■ **EXERCISE MATERIALS**
——
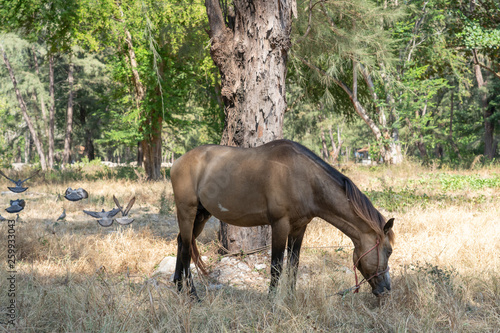 brown horse eating grass © Thanachart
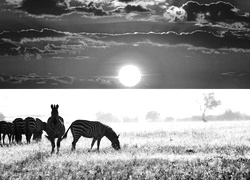 Szary + Sepia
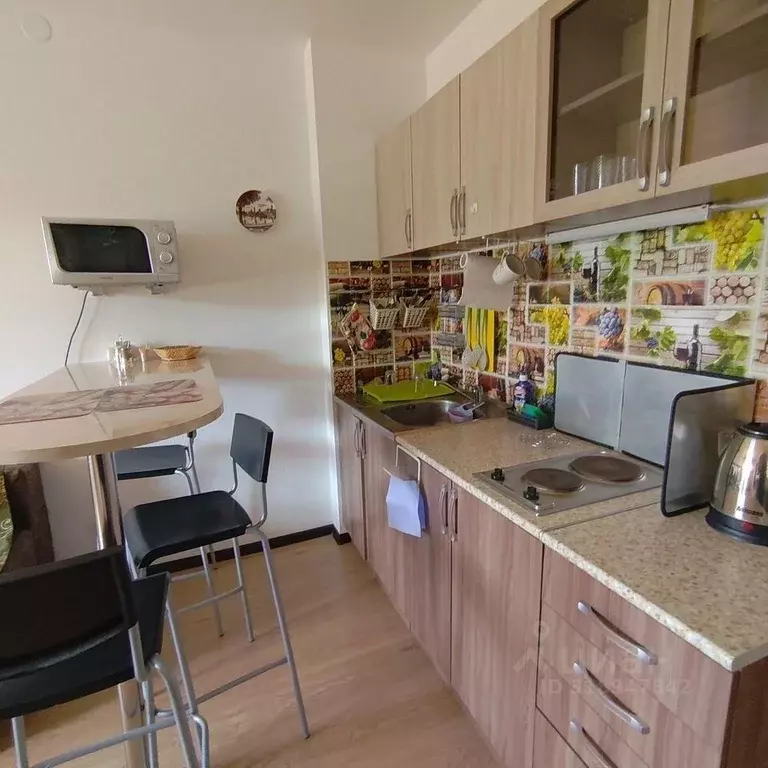 Студия Санкт-Петербург просп. Энергетиков, 9к3 (25.0 м) - Фото 1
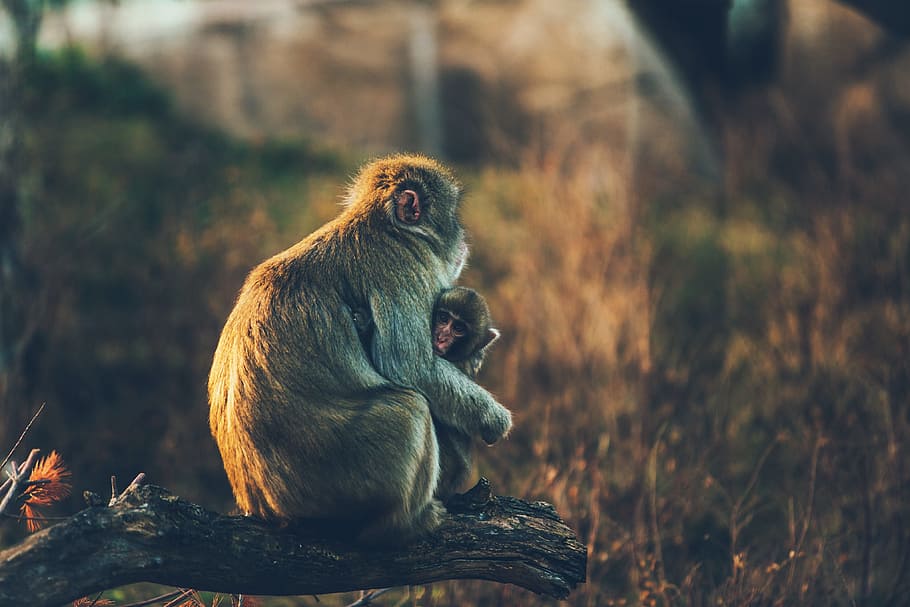 shallow focus photography of brown monkey, mother, child, parent, HD wallpaper
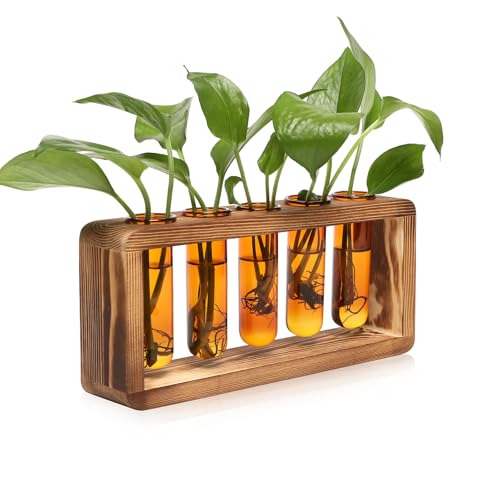 Glass Plant Propagation Station with 5 Test Tubes Colorful Planter Vase Birthday Gifts for Women in Wooden Stand - color: Amber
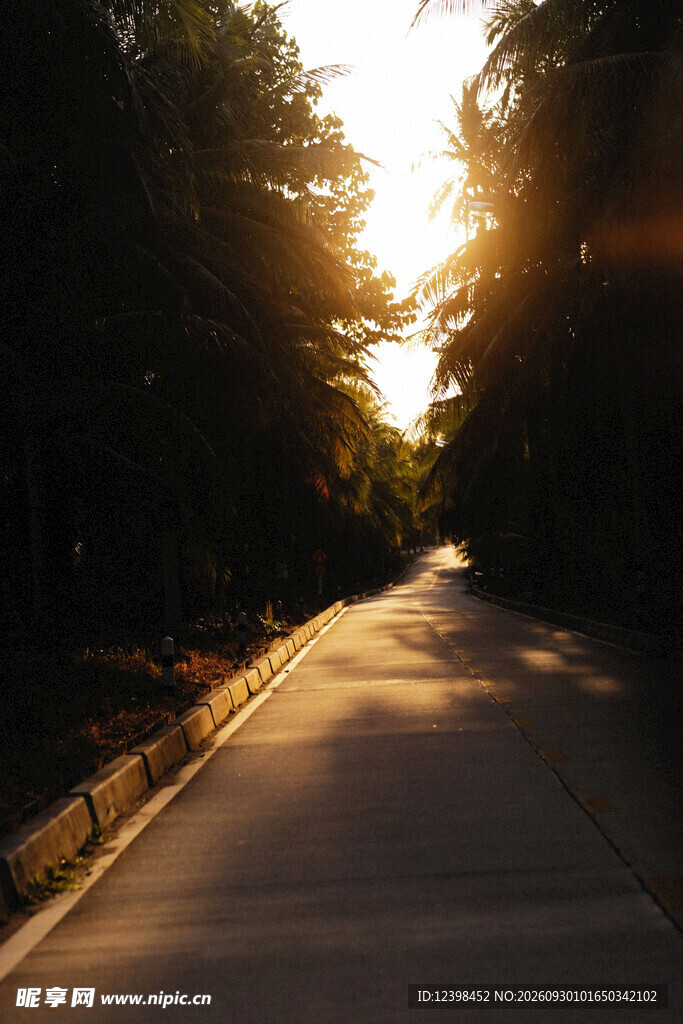 道路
——
■ **WHAT THE EXERCISE ASKS**
From the line that holds "Szary + Sepia" to the last line of the data, return those lines exactly and nothing else; both ends count, and pictures stay out.

■ **ANSWER TO THIS TASK**
 Szary + Sepia
 Студия Санкт-Петербург просп. Энергетиков, 9к3 (25.0 м) - Фото 1
 shallow focus photography of brown monkey, mother, child, parent, HD wallpaper
 Glass Plant Propagation Station with 5 Test Tubes Colorful Planter Vase Birthday Gifts for Women in Wooden Stand - color: Amber
 道路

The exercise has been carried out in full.